The sacrament of marriage or whatever your particular sect calls it – mine refers to it as the Brewing of Marriage – might be a religious ceremony, but marriage itself hasn’t always required either the State or paradoxically chromatic unicorns.
Anyway, State involvement in marriage is at least as old as John Calvin.
I don’t think marriage is simply a religious ceremony. Its a ritual which symbolizes commitment and love between two people. However for the government to step in and say “this is the appropriate marriage” is a religious judgment and certainly not a secular one.
Why? Is it because “this is an appropriate marriage” is a moral judgment? It isn’t as if the (secular) State is not already in the business of making moral judgments – legal age of consent, adoptive siblings considered consanguineous, &c. Disagreeing with the particular moral judgments made by the State shouldn’t lead to declaring the State can’t be in the business of making them. That would be dangerous, it would mean abdicating moral authority to religious figures.
Marriage is a lottery; a promise made to heaven, the State, et al that we can always retract if things don’t quite work out.
[Prem Rawat ]
The puzzle is everything is subject to constant change; the saving grace is within you there is a constant!
All dogs have four legs,
My cat has four legs,
Therefore my cat is a dog!
I would say that the state has supplemented rather than supplanted the role of God. The church side of things is the spiritual-side, the state just registers the business partnership. Strangely, the state rules that you can only have one such business partner at a time, and that they can’t be of the same gender, but that’s another story. Even more strange, is that they deem other people to be in such a partnership by default, based on their living arrangements – but that is yet another story.
Many do not believe in God, and the legal side will suffice, and so will be married by a celebrant (though I’m sure most still consider it a spiritual act, if not religious)… I suppose the opposite is also true: that is, that it’s possible for a church to perform a ceremony that means you are married “in the eyes of God”, whilst not being a marriage in the legal sense.
That is a very judeo-Christian-Moslem view of marriage. Go anywhere else in the world – asia, africa, sth pacific and all sorts of basis for marriage can be found. Don’t be so narrow minded about what marriage means and all types of possibilities open up. At its basis marriage is a social event – usually involving wider recognition of a particular relationship than between the two (or more) individuals directly involved, although this does not have to be the case. Two hermits could marry without anyone else being aware of it and with no god or state involvement.
I think it’s a good point.
It annoys me when people say “marriage is a union between a man and a woman” – they should specify which man and woman, and what everyone else is supposed to do.
Marriage was a religious institution hundreds of years ago. This led to all sorts of violent conflict because various religions didn’t consider marriages from other Churches as legitimate.
Therefore, marriage was taken over by the State to make it a secular institution.
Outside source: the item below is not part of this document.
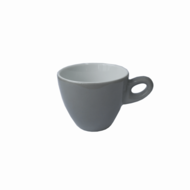 Walkure cappuccinokop lichtgrijs 450/018 Ø8,2cm H7,1cm doos à 6 Walkure cappuccinokop lichtgrijs 450/018 Ø8,2cm H7,1cm doos à 6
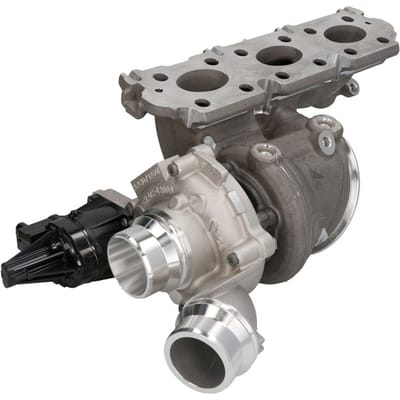 Uitlaatgasturbocompressor CONTINENTAL 2800013004280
This meant it required things like marriage acts to define what marriage is in secular terms.
You can have all the fancy religious ceremonies you like, but if you don’t sign the marriage certificate, you aren’t married.
My argument is simple. Times have moved on, and in a liberal-democratic countries like ours there is no reason for the state to still define what marriage is. The only thing the state should do is restrict marriage to consenting adults who are not siblings or parents and children. Other than those restrictions, the state should have nothing whatsoever to do with determining who can marry.